## [Raw data]
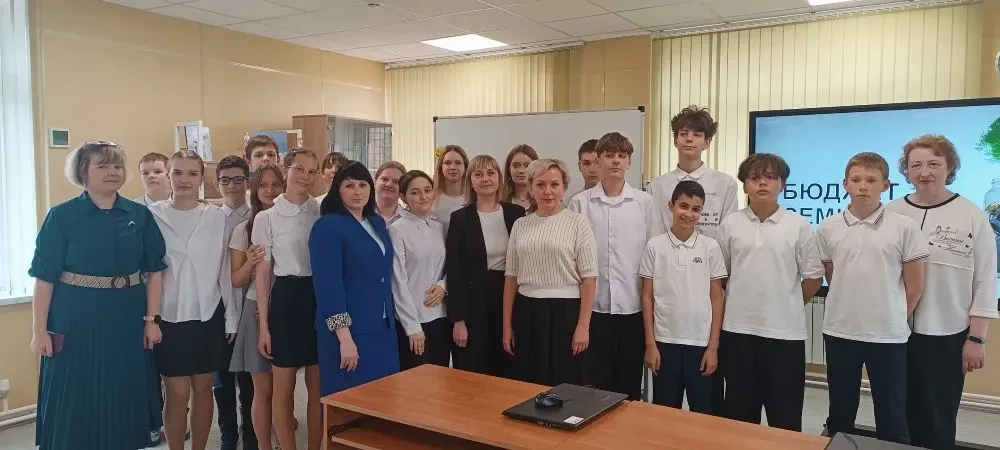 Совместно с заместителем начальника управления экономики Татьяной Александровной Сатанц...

--

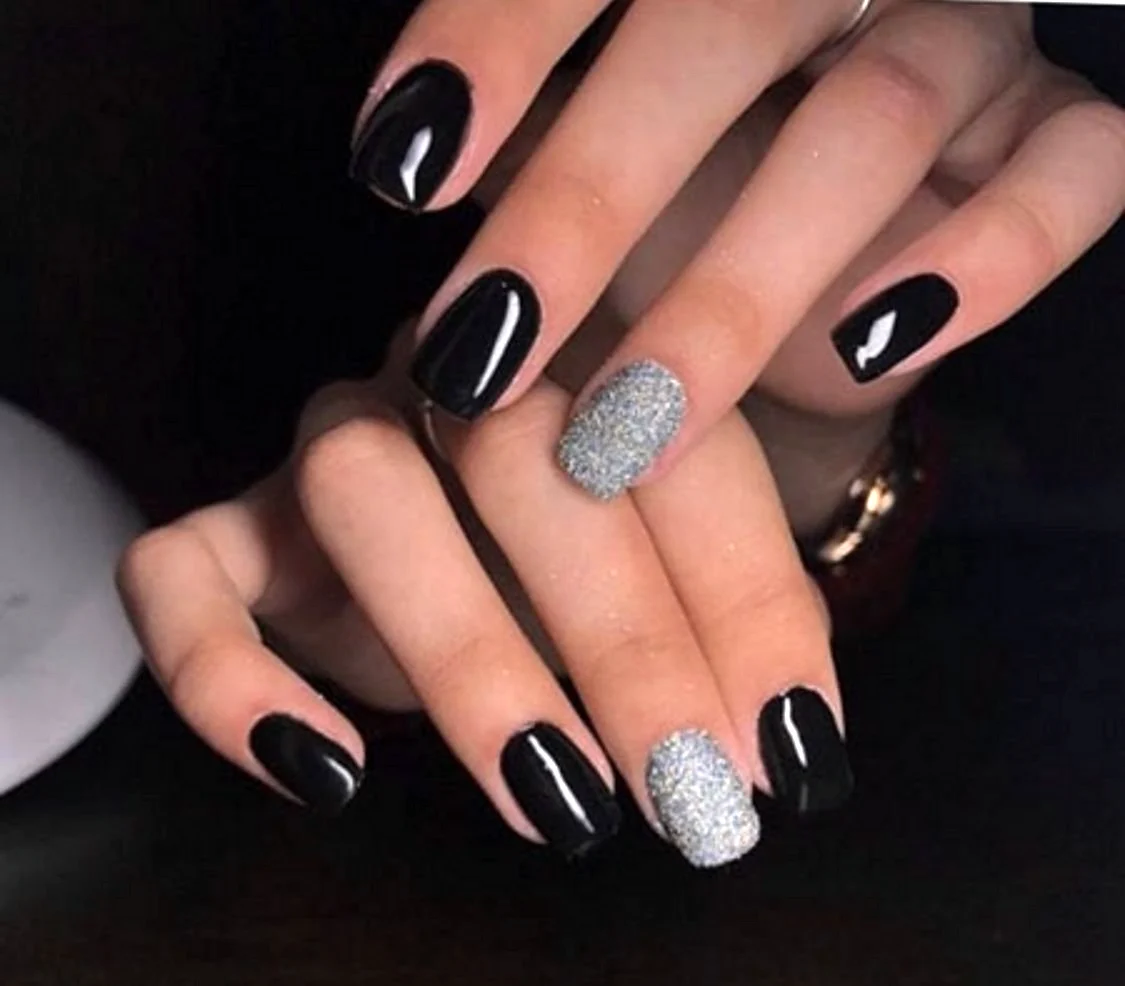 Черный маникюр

* * *

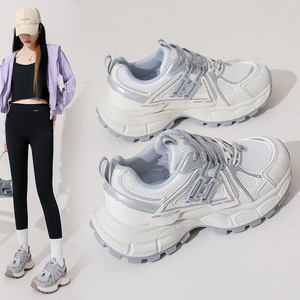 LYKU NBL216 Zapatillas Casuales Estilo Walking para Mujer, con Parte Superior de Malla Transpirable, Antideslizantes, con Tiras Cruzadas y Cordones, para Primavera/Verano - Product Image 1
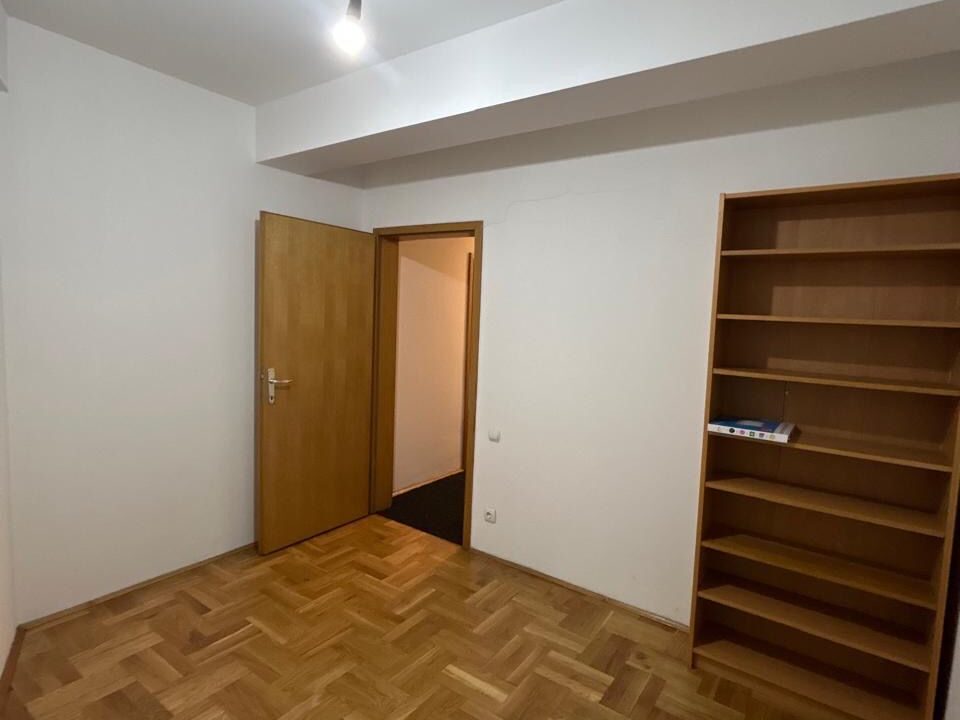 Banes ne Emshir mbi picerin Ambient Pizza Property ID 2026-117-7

## [What you have to do]
Extract the part of the records that opens with the line containing "LYKU NBL216 Zapatillas" and closes with the line containing "Banes ne Emshir". Take only those lines, exactly, and no pictures.

## [Written reply]
 LYKU NBL216 Zapatillas Casuales Estilo Walking para Mujer, con Parte Superior de Malla Transpirable, Antideslizantes, con Tiras Cruzadas y Cordones, para Primavera/Verano - Product Image 1
 Banes ne Emshir mbi picerin Ambient Pizza Property ID 2026-117-7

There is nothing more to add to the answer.